We sang, trusting the man with the stick, and heard beautiful things.

Outside of rehearsal, I panicked at first to learn that many stores closed by 7 pm, but began to cherish the fact after a while, as it signified to me a more relaxed lifestyle with priorities stacked sanely. On another day, I became worried after hearing that the barbecue that the Swiss students had organized for the MIT students was poorly attended because of rain. Yuliya reassured me with an explanation of the friendly custom of barbecues in Lausanne. No food had been prepared and wasted, as I had feared, because barbecues are arranged so that a hot grill awaits any items brought by the people attending; everyone supplies his own food and then cooks and enjoys it with everyone else. In fact, the lake shore has so many public grills that, if you’re unsure of how to fire one up, you can probably just walk along the shore on a sunny day with a hunk of meat in your hand, and count on running into friends who have already started a barbecue.
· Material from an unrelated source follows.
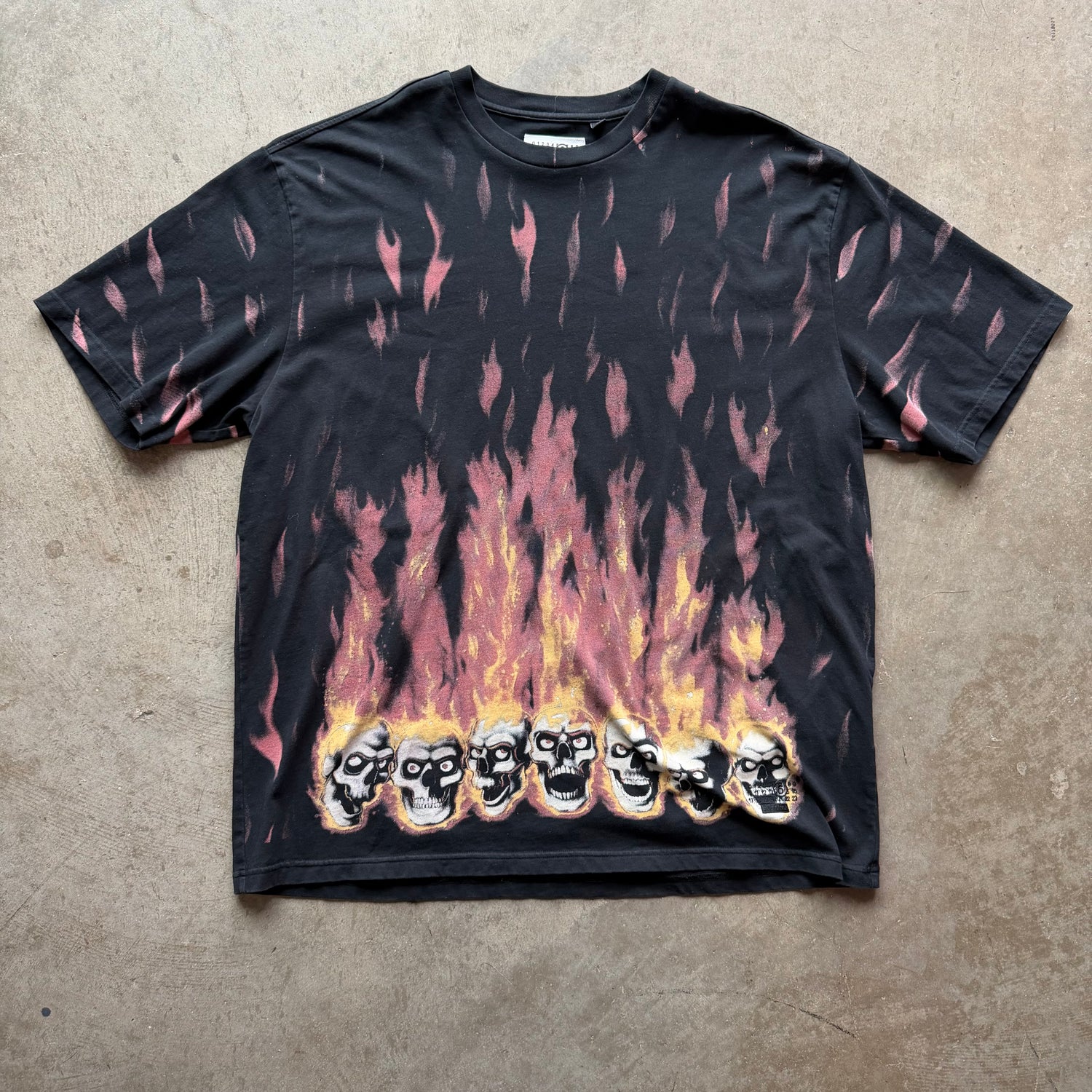 L Supreme x Margiela Flaming Skull Tee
After our first rehearsal in the Notre Dame Cathedral, I mentioned finding the bus stop to Yuliya, and she asked, “Why don’t we walk? It will take the same amount of time, and it is beautiful.” My inner American wanted to retort, “So then let’s take the bus...” But she was right, and the walk was revitalizing.

I left Switzerland wanting to brag about hiking in the Alps, exploring the Château de Chillon, or singing an extraordinary piece of music in the Notre Dame Cathedral in Lausanne. But once I returned to MIT, I hardly had returned my luggage to my room before I felt, amid the sights and stories swirling in my mind, a more urgent and powerful lesson I learned from the trip. With me was the foreign and striking presence of a new desire to live carefully and fully.
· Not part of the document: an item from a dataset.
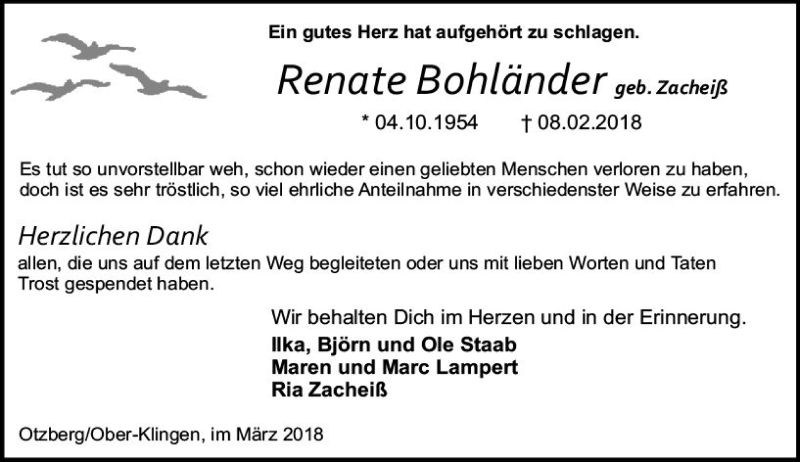  Traueranzeige für Renate Bohländer vom 24.03.2018 aus Trauerportal Rhein Main Presse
Like beautiful music, and art in general, our trip to Lausanne enriched my life. I may remain a classic MIT student, thriving off hard work and feelings of accomplishment, but I now realize that I can simultaneously forsake my traditional tunnel vision and enjoy my time and place in life along the way. I can dare to put down the problem set once in a while to enjoy the company of others, the rich culture of Boston, occasional beautiful weather, everything that exists while I attend MIT but may disappear at any moment if I ignore it.

I have become a new fan of the Swiss tempo, keeping every important task on my checklist, but all the while slowing down my life just a bit and savoring details and harmonies that would have gone unnoticed before. A ten day visit to Lausanne helped introduce me to the strange new world of a balanced, more meaningful life, and almost instantly, it felt right. It was like home to me.